Plantearon que no todo comportamiento que genera dificultades en un niño o adolescente requiere necesariamente una intervención terapéutica. Por ejemplo, determinadas conductas en el ámbito escolar o familiar deben comprenderse dentro del contexto en que se producen y no traducirse automáticamente en un diagnóstico. La Guardia Remota también cumple allí una función de orientación para padres, docentes y otros adultos referentes.
“Los psicólogos tampoco resolvemos todo”, explicaron, y remarcaron que hay situaciones en las que el acompañamiento del entorno afectivo puede ser más adecuado que una intervención terapéutica.
Qué recursos existen en la provincia
La Guardia Remota funciona como dispositivo de orientación para acceder a otros servicios de salud mental. Las profesionales señalaron que cada vez hay más equipos y profesionales de psicología en los centros de salud, por lo que una persona puede recurrir al establecimiento más cercano y consultar por la disponibilidad de atención.
Además, recordaron que el Hospital Julio C. Perrando cuenta con una guardia de salud mental las 24 horas para situaciones de urgencia. Explicaron que actualmente no debería utilizarse el criterio de “zona programática” para impedir una primera atención: ante una persona que consulta, corresponde realizar una primera escucha y evaluar la situación para determinar el dispositivo más adecuado.

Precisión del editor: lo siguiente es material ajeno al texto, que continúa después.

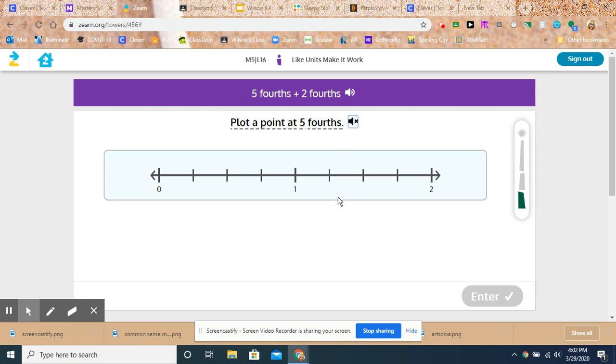Plot a point at five-fourths. So if I start at zero and I count five-fourths: one-fourth, two-fourths, three-fourths, four-fourths. Remember, four-fourths is equal to one whole. And then here's five-fourths. That's all they want me to do first. The directions at the top can throw you off sometimes — don't solve it yet, just do each one step at a time.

La Guardia Remota también recibe consultas de quienes necesitan orientación para conseguir un turno o saber dónde acceder a atención psicológica.

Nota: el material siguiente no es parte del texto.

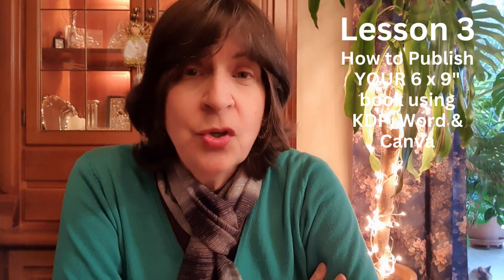Hi guys, welcome back to lesson three: how to publish your six by nine inch book using KDP. This is for books that are approximately 200 to 300 pages. If your book is less or more, we can adjust it, but this is specifically for 200 to 300 pages approximately.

El mensaje central de las profesionales fue que la prevención requiere involucrarse con el otro: prestar atención a los cambios, preguntar cómo está, escuchar sin juzgar y ofrecer ayuda cuando sea necesario.
“Hablar, preguntar qué te pasa, no te veo bien, ¿necesitás algo?”, plantearon como formas concretas de acercamiento. En situaciones de sufrimiento, remarcaron, que una persona pueda dar el paso de pedir ayuda es un momento importante que debe ser acompañado.